I love banana bread so I decided to bake a banana and chocolate loaf for the weekend. It was very easy to make, I just put everything in a mixing bowl, beat it with the electric mixer and poured it into a cake tin. Then the oven baked it very nicely! I used gluten-free flour and dairy-free baking spread, but feel free to use normal flour or butter if you don’t have allergies like me.
- 2 ripe bananas
- 75g soft butter or dairy-free spread
- 150g gluten-free self-raising flour
- 75g soft brown sugar
- 1 tsp bicarbonate of soda (also called as baking soda)
- 2 eggs (from free-range chickens)
- 75g good quality dark chocolate chunks
This is how to make it:
- Preheat the oven 160°C. Grease and line a medium loaf tin with baking paper.
- Peel the bananas and put them in a large bowl.
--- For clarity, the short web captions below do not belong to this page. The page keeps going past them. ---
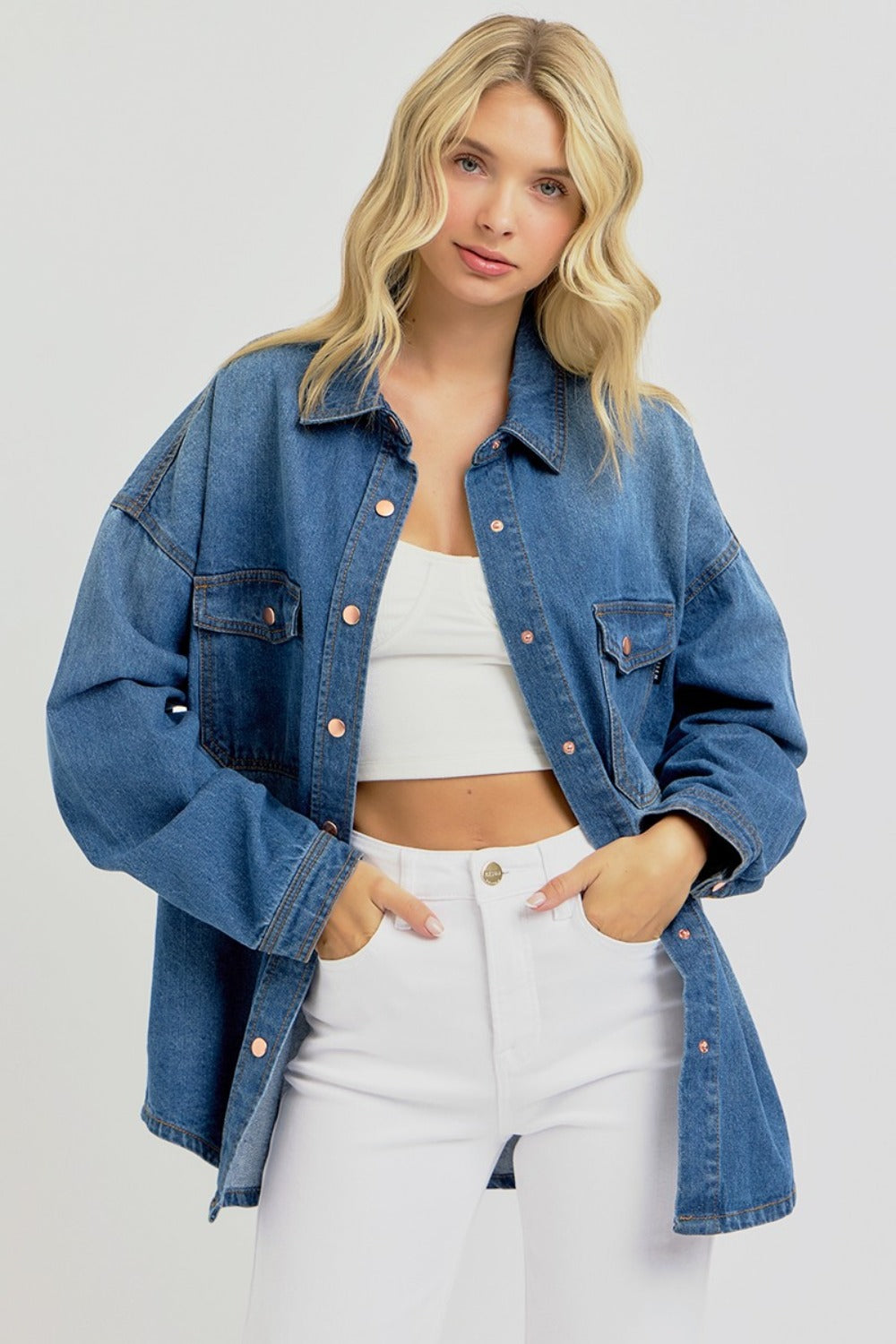 RISEN - Oversized Snap Front Denim Shacket - Inspired Eye Boutique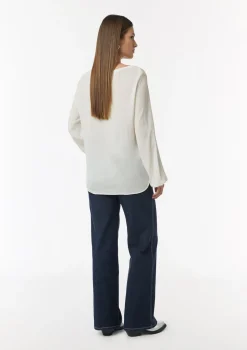 Viskose-Bluse mit Bindedetail am Ausschnitt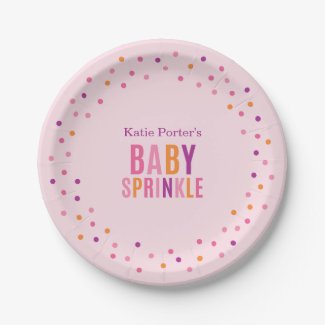 Baby Sprinkle Pink Girl Baby Shower Plate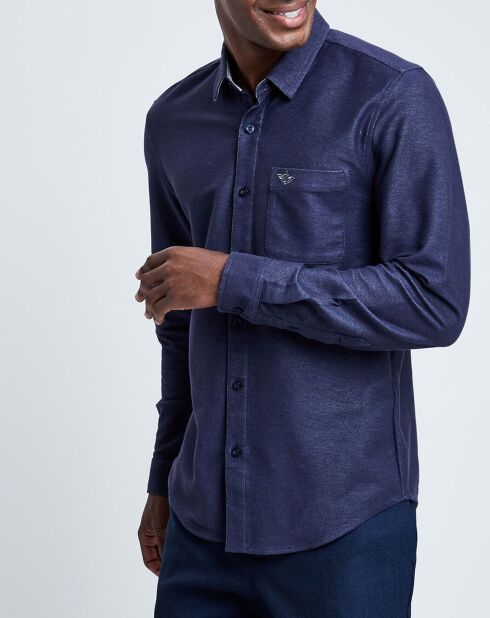 Chemise Slim Fit Flex rayures bleu foncé/blanc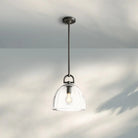 Botany Glass Dome Pendant 10″ 14″ 18″-14''-Polished Nickel-
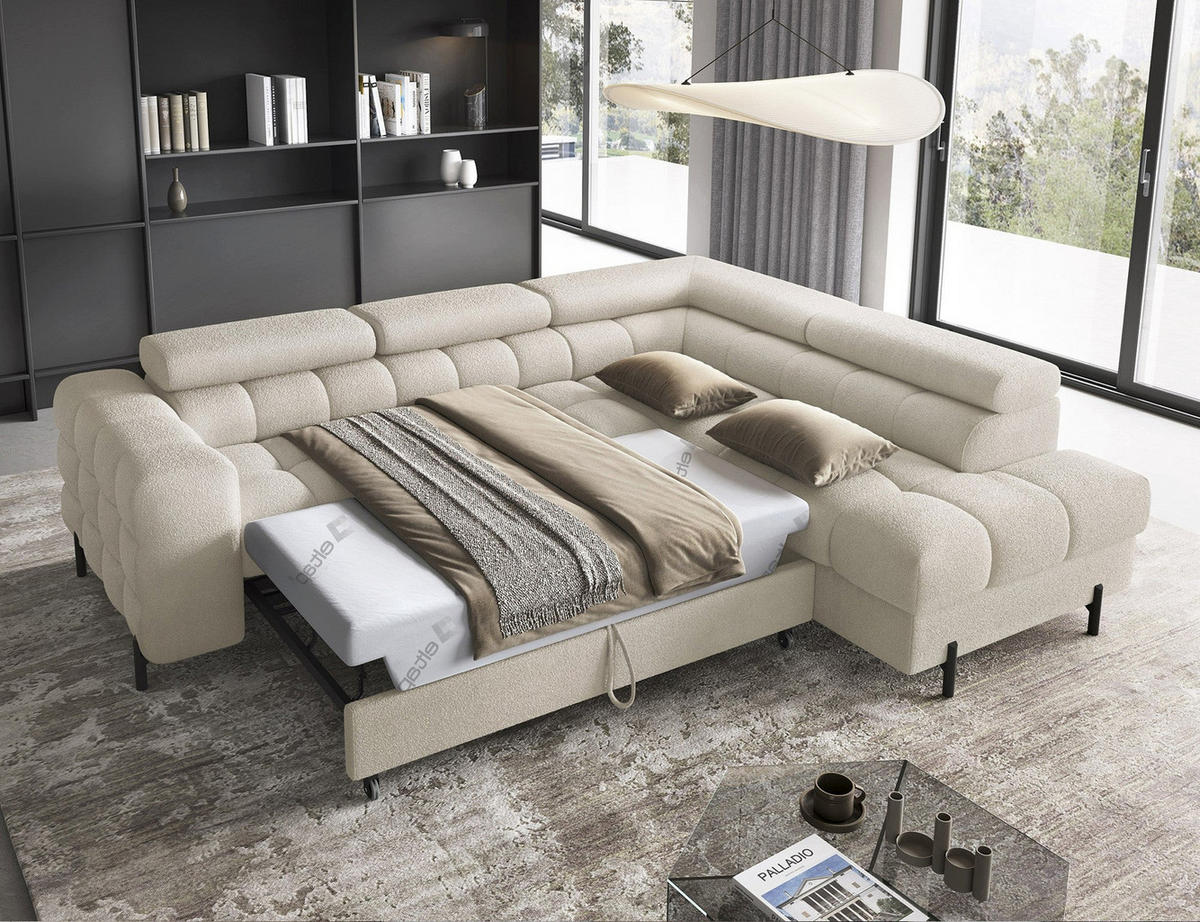 WOHNLANDSCHAFT FERUCCE Ecksofa L-Form – Polsterecke mit Schlaffunktion, Bettkasten & verstellbaren Kopfstützen 276 cm - Hellgrau, Kunststoff (276/200cm) - Wohnideebilder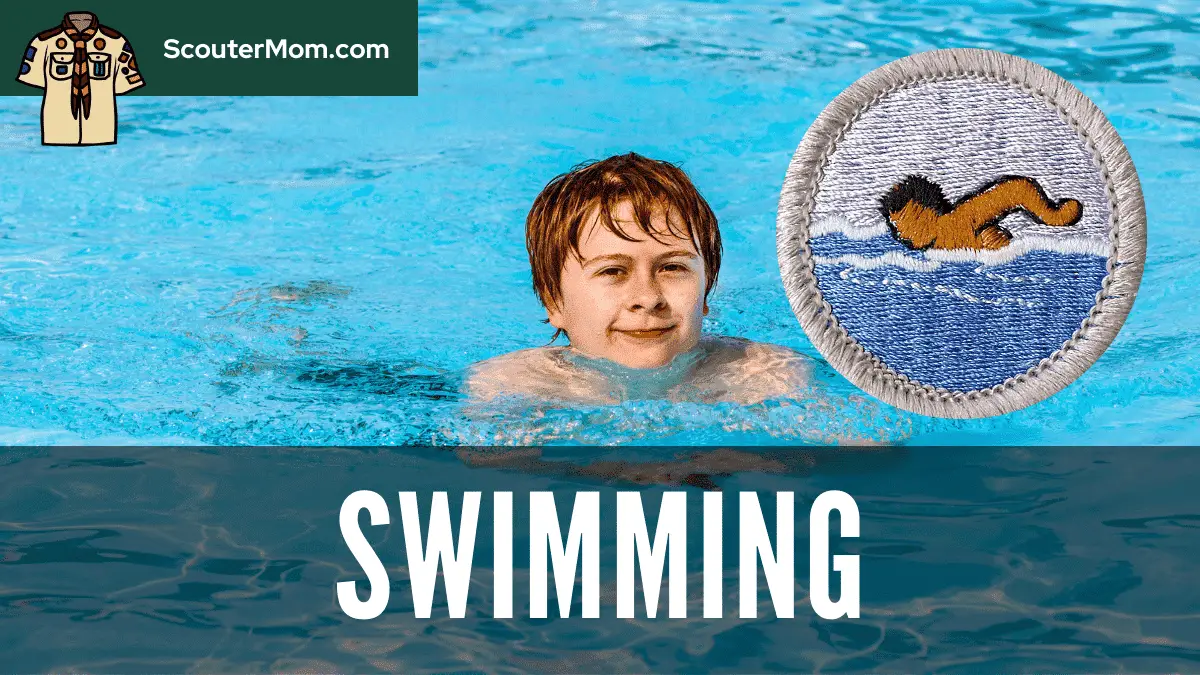 A young man swimming in a pool and an image of the Swimming merit badge emblem.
Mash them with a fork, then add the butter/spread, eggs, vanilla and sugar. Using and electric, hand-held mixer, whiz until you get a smooth mixture.
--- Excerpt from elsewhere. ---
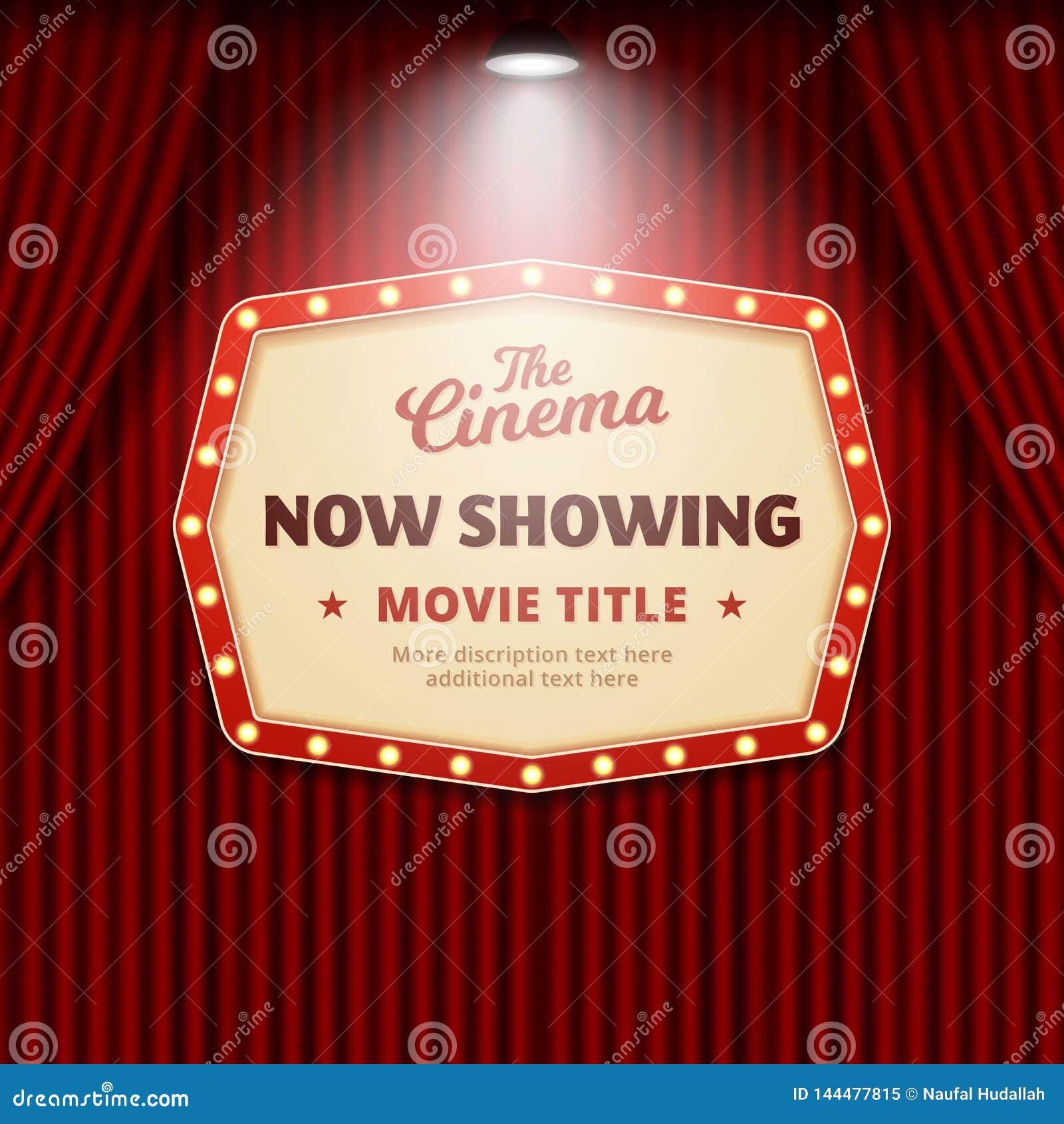 now showing movie in cinema poster . retro theater sign with spotlight and red curtain background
- Sieve the flour and bicarbonate of soda over the banana mixture, then gently fold in until you get a smooth batter.
- Smash the chocolate into small chunks and stir these into the batter.
- Transfer the batter into the cake tin, letting the mixture spread out evenly. (Tap or shake the tin a bit for the mixture to spread).
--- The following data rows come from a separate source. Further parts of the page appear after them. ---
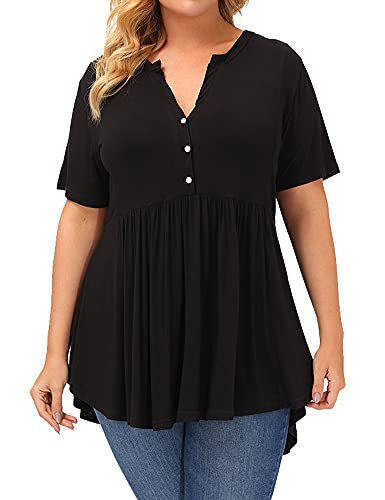 Allegrace Plus Size Tops Women Summer Short Sleeve Shirts Pleat Flowy Tunic Top Black 3X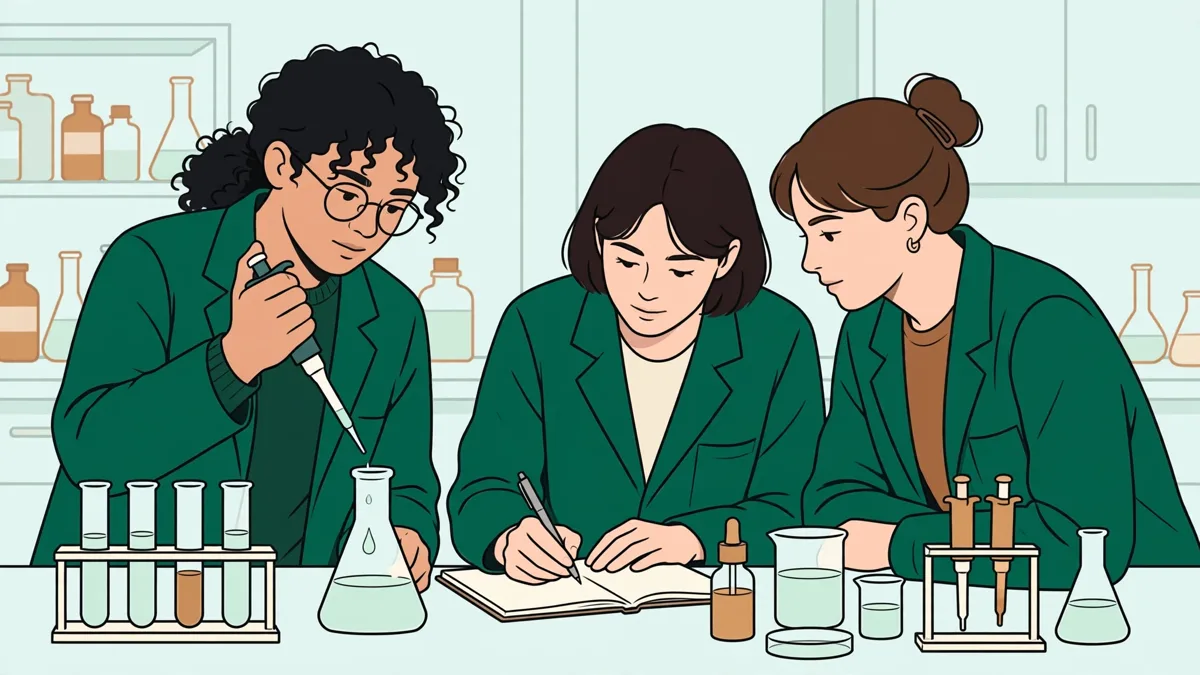 Trois étudiants en blouse autour d'une paillasse de chimie, l'un verse un liquide avec une pipette pendant qu'une autre note les observations.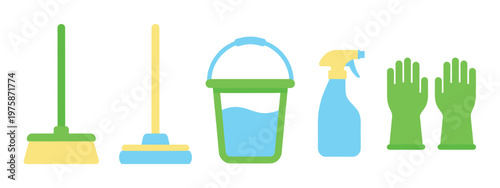 Set of household cleaning tools vector icons. Includes broom, mop, bucket, spray, and gloves. Perfect for cleaning service or housekeeping concepts.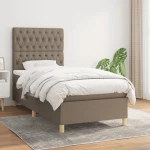 Κρεβάτι Boxspring με Στρώμα Taupe 90x190 εκ.Υφασμάτινο μπεζ-γκρι 3142541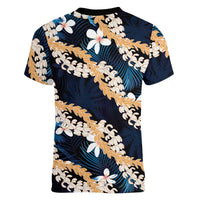 Puakenikeni Maile Lei Women V-Neck T-Shirt Frangipani Blue Tropical Leaves LT01 - Polynesian Pride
- Bake for about 55-60 minutes until the top is golden-brown. Ask an adult to do a skewer-test to make sure the cake is cooked through.
- If it is, take it out of the oven, let it cool for 10 minutes, then remove the cake from the the tin onto a wire rack.
- When the cake is completely cool, slice it and enjoy!
- You can use milk chocolate if you don’t like bitter chocolate and you don’t have milk allergy!
- Make sure the top of the cake is nice, golden brown!
- You can pour some melted chocolate or icing over the cooled cake, if you like!